To quote my friend, “Huh?”
We often use the words the digital divide to describe a generational or educational disconnect between those who are comfortable communicating online and those who are not. It’s a barrier that comes up often in this ministry. In recent weeks, I was asked to help members on the ‘analogue’ side of the divide grow more comfortable posting online: “We don’t know,” expressed one mature Anglican, “how to communicate online.” I tried to get to the root of the problem: “are you uncomfortable with the technology? With the software? Is the learning curve too steep?” “No,” came the answer, “we simply don’t know how to talk to each other online. We want to be involved, but we don’t know the language. How do we do it? Where do we start?”
The questions shouldn’t have surprised me. After all, for years, we’ve been talking about the Internet and electronic communication as something new. Something different. Something revolutionary. And in one sense, it is (or at least it was). But old ways of making connections have been pushed to one side, and new methods to the other.
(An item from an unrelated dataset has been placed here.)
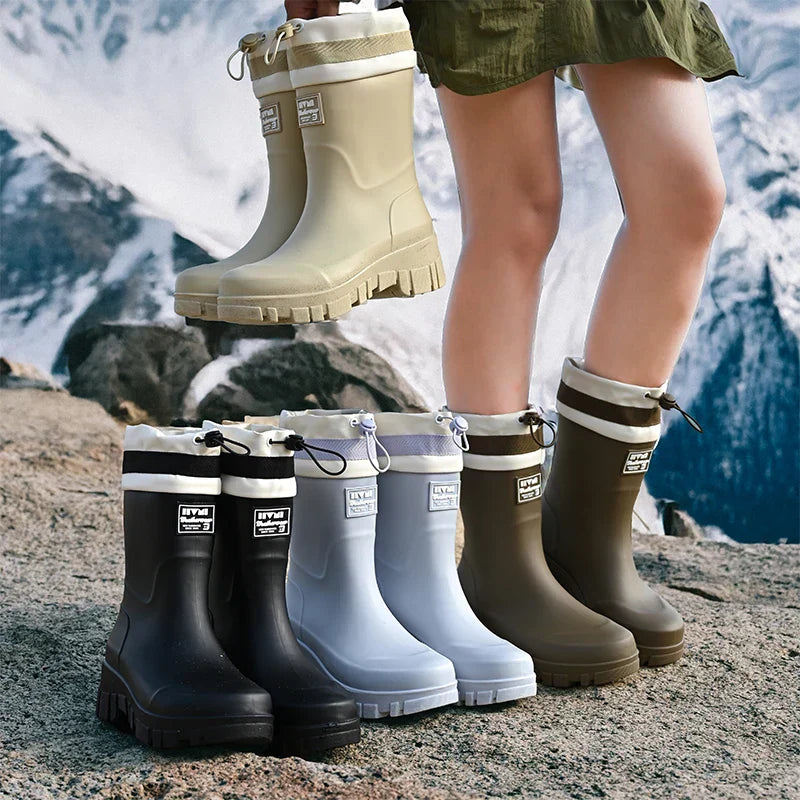 Damen Gummistiefel Wasserdicht Retro Stil Rutschfest - IdealeKleiden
In doing so, we’ve developed something of a two-tier system, where emailing a form is not permissible, but faxing it is.
There are some good reasons for seeing online communication as being inherently different that offline communication. While many of us enjoy the convenience of online shopping or banking, we know that certain precautions must take place to ensure security. While we might welcome the ease of sharing personal matters with family and close friends, we understand that posting the same in a public forum is, well, public. While we might spend our evenings keeping up with those we love on Facebook, all the while we understand that what we see are only snapshots into these lives: comfortable presentations of self-perception that are sometimes off-base, and sometimes narcissistic. But is that really all that different the offline experience? We wouldn’t print our credit card information or PIN number on a billboard. We wouldn’t share family secrets on the 6 o’clock news. And as we flip through the scrapbooks or photo albums of our friends, we likely understand that we aren’t seeing the whole story.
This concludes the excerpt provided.